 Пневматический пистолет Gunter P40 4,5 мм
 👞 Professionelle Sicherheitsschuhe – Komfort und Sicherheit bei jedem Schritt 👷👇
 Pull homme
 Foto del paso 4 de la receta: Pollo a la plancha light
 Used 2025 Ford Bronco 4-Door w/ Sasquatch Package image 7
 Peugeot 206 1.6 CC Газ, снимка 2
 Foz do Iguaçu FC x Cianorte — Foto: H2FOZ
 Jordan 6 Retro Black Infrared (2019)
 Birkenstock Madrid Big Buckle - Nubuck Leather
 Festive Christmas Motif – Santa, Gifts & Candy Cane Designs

...

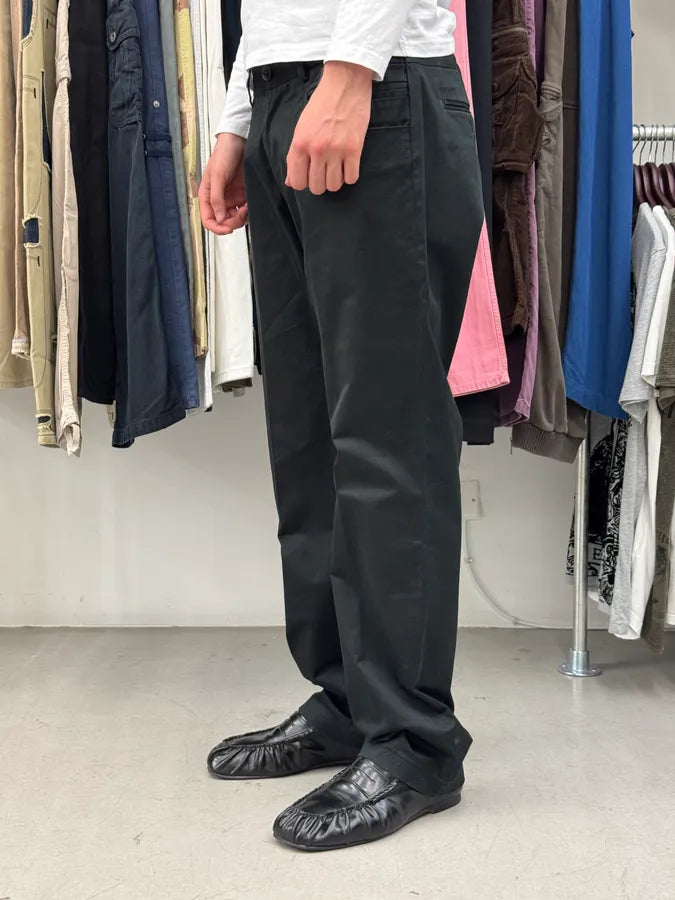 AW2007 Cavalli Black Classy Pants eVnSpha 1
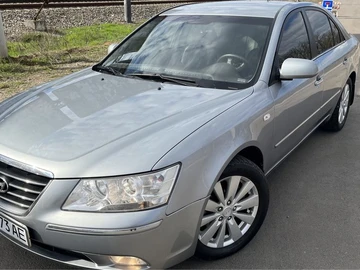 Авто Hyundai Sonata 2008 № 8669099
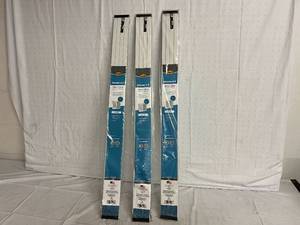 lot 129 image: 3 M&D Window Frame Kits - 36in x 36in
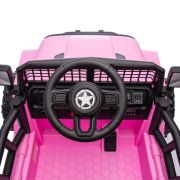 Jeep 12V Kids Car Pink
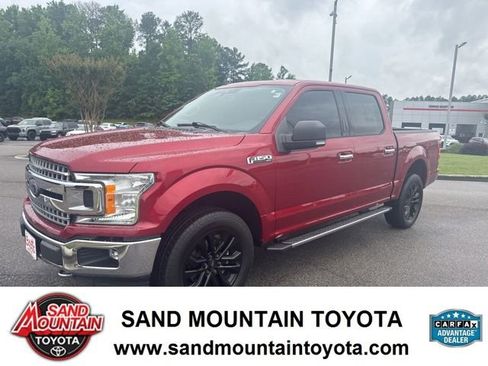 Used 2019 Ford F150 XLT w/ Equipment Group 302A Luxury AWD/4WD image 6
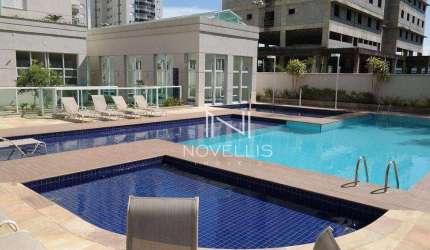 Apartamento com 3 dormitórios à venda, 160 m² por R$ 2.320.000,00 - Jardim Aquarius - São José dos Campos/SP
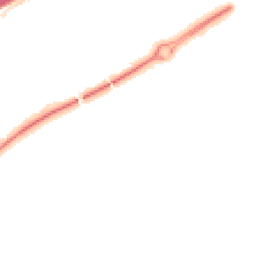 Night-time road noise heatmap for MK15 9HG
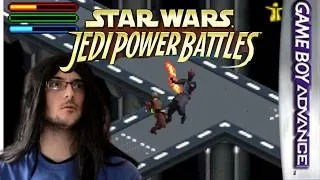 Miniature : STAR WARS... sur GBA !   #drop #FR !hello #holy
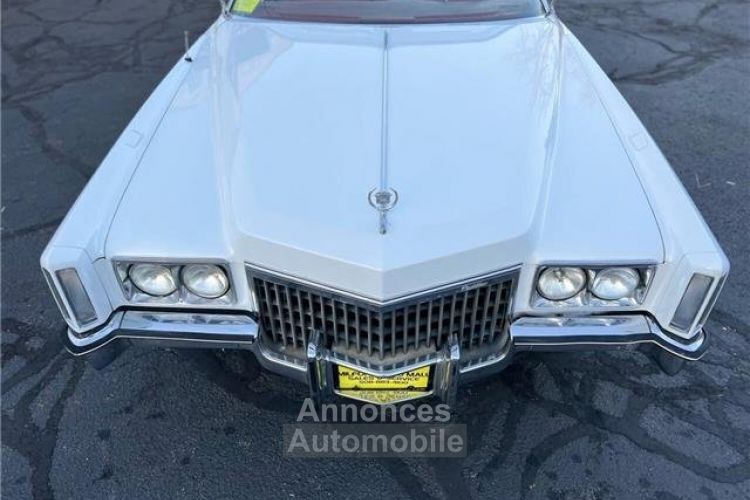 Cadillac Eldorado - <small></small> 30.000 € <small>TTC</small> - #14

ACTIVITY
The material above holds pictures; leave them out and set down exactly the lines from the line with "lot 129 image: 3" to the line with "Apartamento com 3", both included.

EXERCISE RESULT
 lot 129 image: 3 M&D Window Frame Kits - 36in x 36in
 Jeep 12V Kids Car Pink
 Used 2019 Ford F150 XLT w/ Equipment Group 302A Luxury AWD/4WD image 6
 Apartamento com 3 dormitórios à venda, 160 m² por R$ 2.320.000,00 - Jardim Aquarius - São José dos Campos/SP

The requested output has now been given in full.